Scraped caption text data
□ □ □
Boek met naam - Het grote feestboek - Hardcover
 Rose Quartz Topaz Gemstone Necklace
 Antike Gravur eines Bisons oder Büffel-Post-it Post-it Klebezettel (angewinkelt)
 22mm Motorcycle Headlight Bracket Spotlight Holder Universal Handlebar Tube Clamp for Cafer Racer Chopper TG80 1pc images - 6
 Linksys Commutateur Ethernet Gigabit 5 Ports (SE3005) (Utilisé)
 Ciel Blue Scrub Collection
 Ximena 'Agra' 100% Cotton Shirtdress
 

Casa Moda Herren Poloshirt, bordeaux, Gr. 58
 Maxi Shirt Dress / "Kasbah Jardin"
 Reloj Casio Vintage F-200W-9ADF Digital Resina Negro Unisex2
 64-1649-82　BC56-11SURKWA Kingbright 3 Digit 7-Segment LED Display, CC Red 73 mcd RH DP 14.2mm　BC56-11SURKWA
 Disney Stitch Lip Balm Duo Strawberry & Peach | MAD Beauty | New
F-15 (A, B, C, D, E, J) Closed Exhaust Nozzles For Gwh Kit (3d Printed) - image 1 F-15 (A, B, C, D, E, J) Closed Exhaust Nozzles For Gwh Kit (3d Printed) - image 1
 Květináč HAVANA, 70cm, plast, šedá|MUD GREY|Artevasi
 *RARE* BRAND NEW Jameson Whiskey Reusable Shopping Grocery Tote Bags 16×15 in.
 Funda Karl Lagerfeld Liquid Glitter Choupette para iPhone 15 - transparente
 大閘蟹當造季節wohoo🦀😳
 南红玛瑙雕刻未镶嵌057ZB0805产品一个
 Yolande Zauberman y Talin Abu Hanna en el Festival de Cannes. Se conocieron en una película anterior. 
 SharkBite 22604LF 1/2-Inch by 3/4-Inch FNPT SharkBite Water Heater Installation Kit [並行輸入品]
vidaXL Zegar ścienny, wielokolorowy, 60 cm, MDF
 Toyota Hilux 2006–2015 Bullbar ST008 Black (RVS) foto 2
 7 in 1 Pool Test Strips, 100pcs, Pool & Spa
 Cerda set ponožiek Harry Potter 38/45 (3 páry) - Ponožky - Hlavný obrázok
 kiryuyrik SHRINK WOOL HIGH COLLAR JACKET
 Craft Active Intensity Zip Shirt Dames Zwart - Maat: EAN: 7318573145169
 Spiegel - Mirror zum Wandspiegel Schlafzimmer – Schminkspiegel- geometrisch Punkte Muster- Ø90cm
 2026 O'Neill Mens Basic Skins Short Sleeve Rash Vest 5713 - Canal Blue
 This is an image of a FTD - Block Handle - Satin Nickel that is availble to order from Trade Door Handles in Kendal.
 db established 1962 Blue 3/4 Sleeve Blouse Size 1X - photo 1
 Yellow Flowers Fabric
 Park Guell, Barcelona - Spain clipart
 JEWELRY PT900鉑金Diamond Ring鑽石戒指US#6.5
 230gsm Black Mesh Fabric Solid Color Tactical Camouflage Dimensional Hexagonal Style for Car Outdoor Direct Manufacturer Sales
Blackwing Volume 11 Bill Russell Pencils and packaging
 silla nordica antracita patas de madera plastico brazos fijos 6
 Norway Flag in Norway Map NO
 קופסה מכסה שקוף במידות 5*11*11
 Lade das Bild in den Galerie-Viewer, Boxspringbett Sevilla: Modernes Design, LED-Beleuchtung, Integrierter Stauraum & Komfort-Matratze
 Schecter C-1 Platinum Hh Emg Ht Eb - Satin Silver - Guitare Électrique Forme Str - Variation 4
□ □ □
#### Task
Copy each line above that has the word "Satin".

#### Response to the exercise
 This is an image of a FTD - Block Handle - Satin Nickel that is availble to order from Trade Door Handles in Kendal.
 Schecter C-1 Platinum Hh Emg Ht Eb - Satin Silver - Guitare Électrique Forme Str - Variation 4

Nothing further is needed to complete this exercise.